**Input data**
***

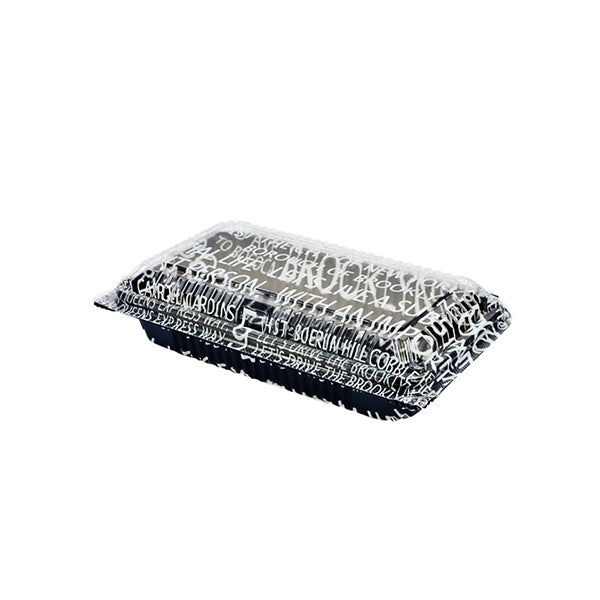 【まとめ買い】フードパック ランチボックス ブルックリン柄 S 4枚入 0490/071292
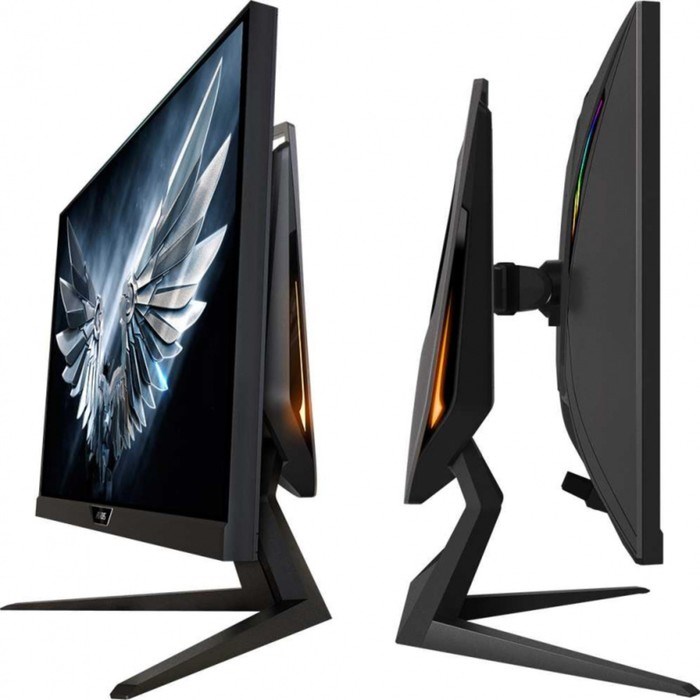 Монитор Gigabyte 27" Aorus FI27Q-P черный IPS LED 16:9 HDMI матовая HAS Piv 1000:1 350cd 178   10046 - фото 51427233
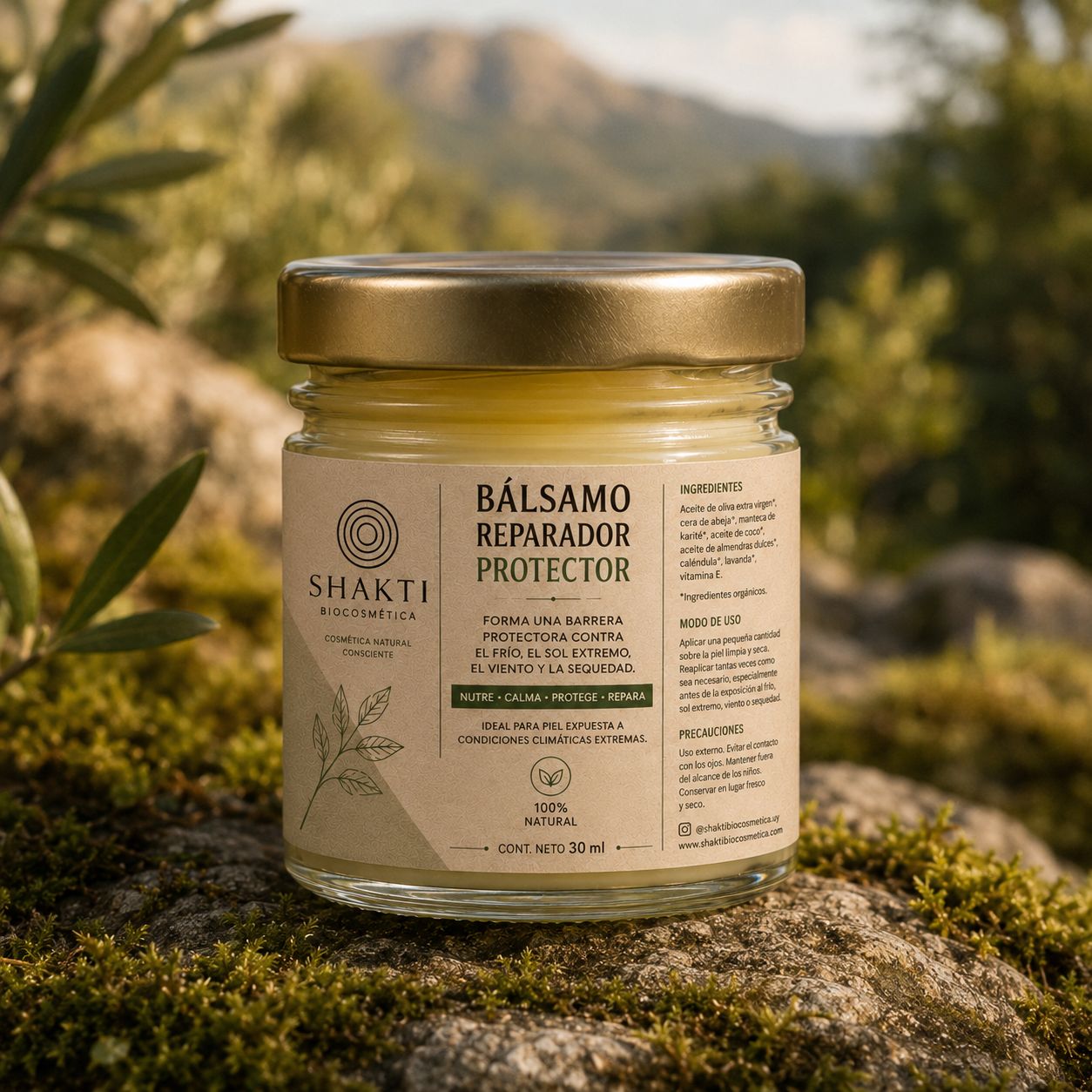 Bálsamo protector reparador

***

Reproduce the entire listing exactly, but omit any pictures.

 【まとめ買い】フードパック ランチボックス ブルックリン柄 S 4枚入 0490/071292
 Монитор Gigabyte 27" Aorus FI27Q-P черный IPS LED 16:9 HDMI матовая HAS Piv 1000:1 350cd 178   10046 - фото 51427233
 Bálsamo protector reparador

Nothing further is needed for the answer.